Task statement :: When the string "Sweater" is part of a line below, that line should be copied.

Excerpts from a dataset
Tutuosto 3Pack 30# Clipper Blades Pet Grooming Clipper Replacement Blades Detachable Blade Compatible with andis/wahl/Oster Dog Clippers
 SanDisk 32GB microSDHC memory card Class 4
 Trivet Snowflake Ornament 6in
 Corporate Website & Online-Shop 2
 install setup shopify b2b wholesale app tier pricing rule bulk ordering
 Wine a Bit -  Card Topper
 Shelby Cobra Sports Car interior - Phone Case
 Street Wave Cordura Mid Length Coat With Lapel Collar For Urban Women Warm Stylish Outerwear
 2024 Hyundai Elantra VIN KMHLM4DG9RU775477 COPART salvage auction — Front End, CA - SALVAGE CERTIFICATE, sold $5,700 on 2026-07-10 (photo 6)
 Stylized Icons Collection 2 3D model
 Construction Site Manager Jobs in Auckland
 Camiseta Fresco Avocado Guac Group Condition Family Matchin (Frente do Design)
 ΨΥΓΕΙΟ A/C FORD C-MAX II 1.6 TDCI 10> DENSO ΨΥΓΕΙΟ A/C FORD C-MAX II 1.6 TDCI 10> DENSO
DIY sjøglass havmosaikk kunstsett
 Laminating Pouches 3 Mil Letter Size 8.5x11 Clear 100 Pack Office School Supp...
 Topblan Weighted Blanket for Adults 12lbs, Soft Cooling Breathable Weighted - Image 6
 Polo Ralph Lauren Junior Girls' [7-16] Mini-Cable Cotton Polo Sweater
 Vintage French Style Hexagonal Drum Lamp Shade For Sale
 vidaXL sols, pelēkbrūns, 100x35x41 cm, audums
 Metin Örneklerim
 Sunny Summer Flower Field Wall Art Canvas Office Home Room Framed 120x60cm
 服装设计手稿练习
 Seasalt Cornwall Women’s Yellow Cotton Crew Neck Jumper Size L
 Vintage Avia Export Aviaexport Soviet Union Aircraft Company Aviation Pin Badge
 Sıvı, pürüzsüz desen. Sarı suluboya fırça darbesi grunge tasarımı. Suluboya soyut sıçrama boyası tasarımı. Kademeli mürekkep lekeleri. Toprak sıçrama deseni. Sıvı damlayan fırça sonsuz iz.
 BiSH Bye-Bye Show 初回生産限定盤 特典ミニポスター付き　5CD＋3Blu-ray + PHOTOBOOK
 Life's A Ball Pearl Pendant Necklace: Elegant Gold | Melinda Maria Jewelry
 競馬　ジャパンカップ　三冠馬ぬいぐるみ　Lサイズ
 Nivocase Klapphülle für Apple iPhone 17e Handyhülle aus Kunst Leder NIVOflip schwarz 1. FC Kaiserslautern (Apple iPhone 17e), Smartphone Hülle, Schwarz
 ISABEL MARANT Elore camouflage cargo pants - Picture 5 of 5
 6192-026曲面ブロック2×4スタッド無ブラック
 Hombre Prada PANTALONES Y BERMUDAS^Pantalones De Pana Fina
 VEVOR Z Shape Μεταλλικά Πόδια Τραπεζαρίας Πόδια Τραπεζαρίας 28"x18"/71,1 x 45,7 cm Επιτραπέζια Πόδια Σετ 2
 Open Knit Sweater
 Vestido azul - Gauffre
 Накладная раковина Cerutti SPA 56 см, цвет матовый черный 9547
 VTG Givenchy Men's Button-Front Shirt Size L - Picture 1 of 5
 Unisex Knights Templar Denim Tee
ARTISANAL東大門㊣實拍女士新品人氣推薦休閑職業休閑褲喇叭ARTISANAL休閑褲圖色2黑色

Finished task ::
 Polo Ralph Lauren Junior Girls' [7-16] Mini-Cable Cotton Polo Sweater
 Open Knit Sweater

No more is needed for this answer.